ページ番号1013055 更新日 2022年9月21日

小学生のころ、段ボールいっぱいのひよこをうどんで釣り上げる「ひよこ釣り」が、学校の正門前に時折出店されていました。
ある日、兄と6羽も釣り上げ意気揚々と帰宅。そりゃ親に「一体どーするの!」と怒られますよね。兄弟の懇願に負けて飼うこととなった6羽の雄たちは、すくすくと育ち、程なく若鶏になりました。
彼らは、早朝から「コケコッコー!」と大声で鳴き始め、近所迷惑に。親は、若鶏をペットとして可愛がっているわが子に、飼育断念をどう伝えようかと悩んだことでしょう。

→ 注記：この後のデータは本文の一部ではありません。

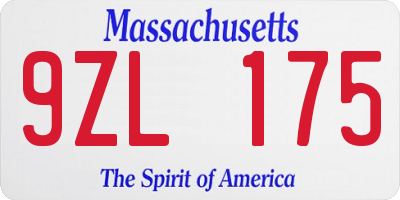 MA license plate 9ZL175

「これ以上飼えないので、市場のかしわ屋さん(鶏肉専門店)に引き取ってもらう」との宣告を親から受け、兄弟で泣きました。6羽の若鶏を詰め込んだ段ボール箱を手に「ただ死ぬのではない。ありがたく命を頂くのだよ」との店主の説得もうわのそら。帰り道、空になり畳まれた段ボール箱を抱えたとき、命の重さを身にしみて感じたことを今でも鮮明に覚えています。

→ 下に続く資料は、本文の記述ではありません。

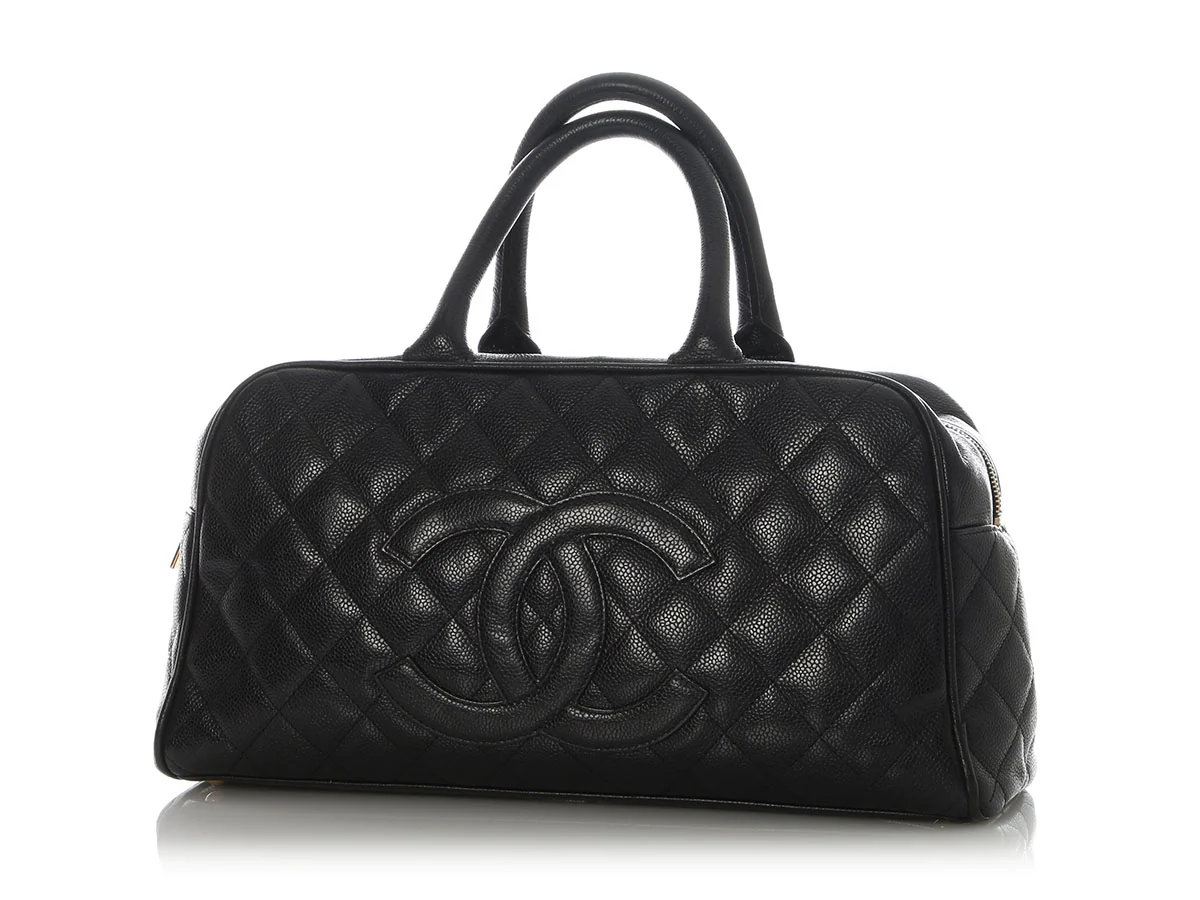 Chanel Vintage Black Quilted Caviar Bowler - Image 3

小さな命を守れなかったことへの怒りと後悔、みずからの弱さに落ち込んだ体験は、私にとって苦い「命の授業」でした。その後、私はシートン動物記、ファーブル昆虫記に夢中になり、動物生態学を専攻します。
心に刻まれる「授業」には一人の人生を変える力があるのですね。